先のアーティクルではAvocadoモデルと、CapExの観点でまとめましたが、人材の混乱についてまとめます。
Llama 4の開発難航とプロプライエタリ・モデル「Avocado」への急進的な転換は、MetaのAI組織内に深刻な亀裂を生み、象徴的なリーダーや中核研究者の大規模な離脱を招きました。主な人材損失の状況は以下の通りです。
- 象徴的リーダーと「FAIR」旧守派の退陣
最も大きな衝撃を与えたのは、MetaのAI研究の象徴であった ヤン・ルカン(Yann LeCun)の辞任です 。彼は、スピード重視の「Demo, don’t Memo(メモよりデモ)」という新方針や、研究よりも製品化を優先する体制に反発し、2025年末に同社を去りました。また、 FAIR(Fundamental AI Research)部門を率いていたジョエル・ピノー(Joelle Pineau) も、Llama 4の不振を受けて2025年4月に解任されています。
- オリジナル「Llama」チームの崩壊
2023年にLlamaの画期的な論文を執筆した14人の主要研究者のうち、2025年5月時点でMetaに残っているのはわずか3名(約22%)に過ぎません。
離脱率78% : オリジナルメンバーの多くは、Mistral AI(ギヨーム・ランプ、ティモシー・ラクロワらが設立)などのライバル企業へ移籍、あるいは自らスタートアップを立ち上げました。
ベテランの喪失 : 離脱したメンバーは平均5年以上Metaに在籍していたディープな知見を持つ研究者であり、Metaは「創造的な原動力」を失ったと指摘されています。
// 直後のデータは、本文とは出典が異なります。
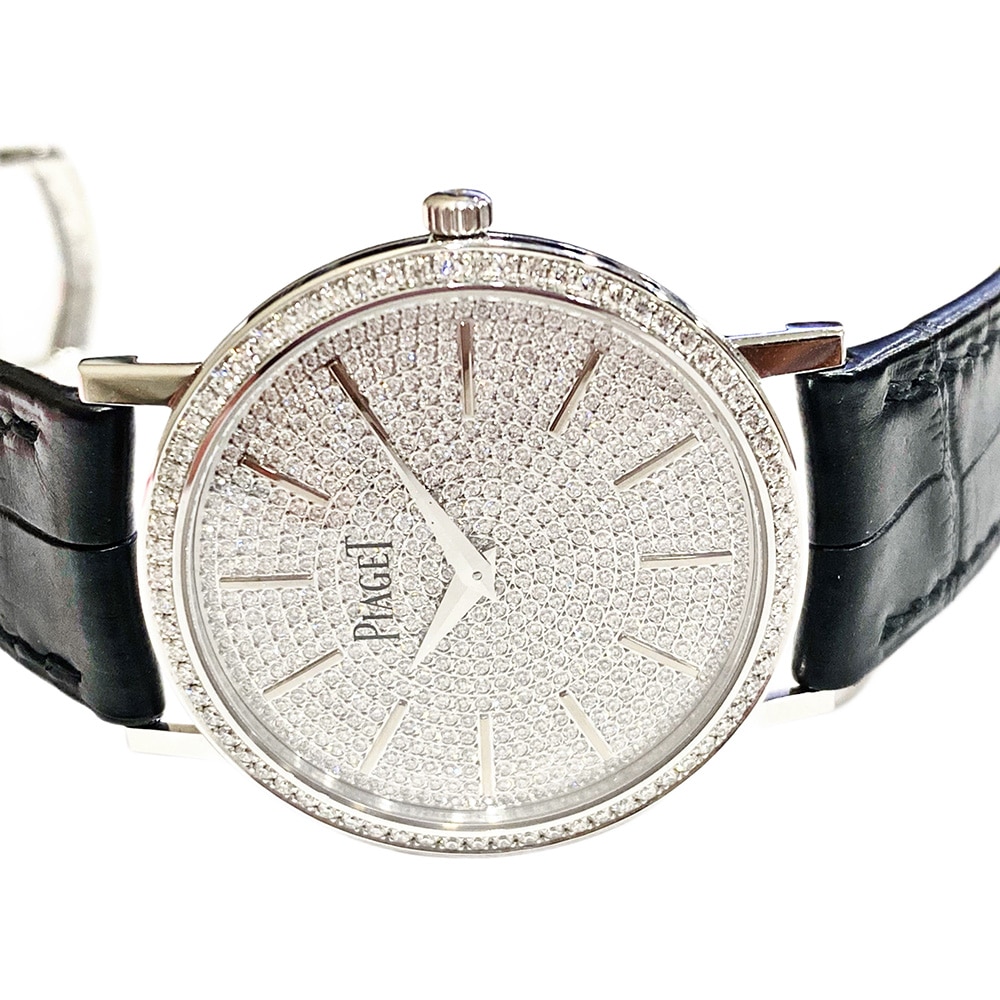 Piaget Altiplano 34mm G0A36128 White Gold with Black Crocodile Leather Watch Pave Diamond Dial 2018
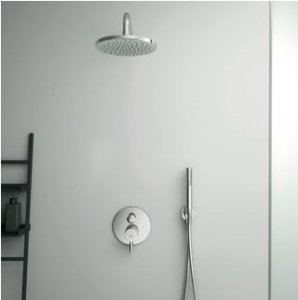 Ideal Standard potinkinis dušo komplektas: maišytuvas+potinkinė dalis,200mm dušo galva, rankinis dušas, alkūnė su laikikliu,400mm sieninė alkūnė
- 「Meta Superintelligence Labs (MSL)」での新旧対立と離脱
アレクサンドル・ワン(Alexandr Wang)の指揮下で新設された「TBD Lab」では、外部から引き抜いたスター人材の定着に苦戦しています。
超短期での離脱 : OpenAIやxAIから巨額の契約金で引き抜かれた アヴィ・ヴェルマ(Avi Verma)やイーサン・ナイト(Ethan Knight) らは、MSL加入からわずか数週間から1か月で古巣のOpenAIへ戻るという異例の事態が起きました。
「Us vs Them(俺たちか、あいつら(古参)か)」の文化 : ワン氏が主導する新体制は、InstagramやFacebookのデータ活用を優先するクリス・コックス(CPO)やアンドリュー・ボスワース(CTO)ら「古参」幹部と激しく対立しました。
マイクロマネジメントへの不満 : ワン氏やザッカーバーグ氏の直接的で過剰な干渉(マイクロマネジメント)が「息苦しい(suffocating)」と感じる研究者が多く、これが短期離脱の要因となっています。
- 組織の空洞化
2025年10月には、組織の俊敏性を高めるという名目で、MSLやFAIR、AIインフラ部門から約600名が解雇されました。このリストラと相次ぐ幹部(法務責任者のジェニファー・ニューステッドや収益責任者のジョン・ヘゲマンら)の退任により、MetaのAI部門は経験豊富な人材が大幅に不足する「空洞化」の危機に直面しています。